■ Exercise objective
From the line with "Foto 2 de Casa" to the line with "2012 Ford F450", retype every line exactly, including those two, and leave out the rest of the data below.

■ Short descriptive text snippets
--------------------------------

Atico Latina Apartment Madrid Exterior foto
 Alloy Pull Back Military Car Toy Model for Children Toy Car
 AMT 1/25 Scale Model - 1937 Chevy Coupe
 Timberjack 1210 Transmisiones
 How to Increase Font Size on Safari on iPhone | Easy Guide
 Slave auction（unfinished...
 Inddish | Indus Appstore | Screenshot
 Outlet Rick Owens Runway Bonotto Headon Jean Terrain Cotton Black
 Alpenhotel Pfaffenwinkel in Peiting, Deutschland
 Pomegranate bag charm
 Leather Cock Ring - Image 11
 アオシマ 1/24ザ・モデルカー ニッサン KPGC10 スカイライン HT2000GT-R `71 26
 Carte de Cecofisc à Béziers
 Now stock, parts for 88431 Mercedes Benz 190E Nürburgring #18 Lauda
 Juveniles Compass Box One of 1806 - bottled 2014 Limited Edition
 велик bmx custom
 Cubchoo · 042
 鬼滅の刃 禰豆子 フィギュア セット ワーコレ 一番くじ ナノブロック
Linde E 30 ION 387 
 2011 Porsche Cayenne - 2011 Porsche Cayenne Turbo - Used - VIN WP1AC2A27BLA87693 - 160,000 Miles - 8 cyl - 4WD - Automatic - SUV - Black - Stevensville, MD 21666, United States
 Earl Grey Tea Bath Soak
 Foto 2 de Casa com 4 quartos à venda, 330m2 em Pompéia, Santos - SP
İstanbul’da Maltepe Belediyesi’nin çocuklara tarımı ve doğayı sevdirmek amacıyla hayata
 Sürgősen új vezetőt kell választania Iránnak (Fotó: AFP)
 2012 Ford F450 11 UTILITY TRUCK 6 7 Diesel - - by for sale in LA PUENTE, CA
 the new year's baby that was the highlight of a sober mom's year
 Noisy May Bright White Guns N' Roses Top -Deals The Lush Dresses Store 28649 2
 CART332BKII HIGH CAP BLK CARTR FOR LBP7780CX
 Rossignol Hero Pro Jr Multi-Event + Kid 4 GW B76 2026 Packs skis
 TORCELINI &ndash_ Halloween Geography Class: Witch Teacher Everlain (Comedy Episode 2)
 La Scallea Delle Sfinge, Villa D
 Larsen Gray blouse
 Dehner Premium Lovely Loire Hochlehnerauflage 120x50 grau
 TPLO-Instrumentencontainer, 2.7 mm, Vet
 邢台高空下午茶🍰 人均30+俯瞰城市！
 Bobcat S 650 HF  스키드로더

--------------------------------

■ Task result
 Foto 2 de Casa com 4 quartos à venda, 330m2 em Pompéia, Santos - SP
İstanbul’da Maltepe Belediyesi’nin çocuklara tarımı ve doğayı sevdirmek amacıyla hayata
 Sürgősen új vezetőt kell választania Iránnak (Fotó: AFP)
 2012 Ford F450 11 UTILITY TRUCK 6 7 Diesel - - by for sale in LA PUENTE, CA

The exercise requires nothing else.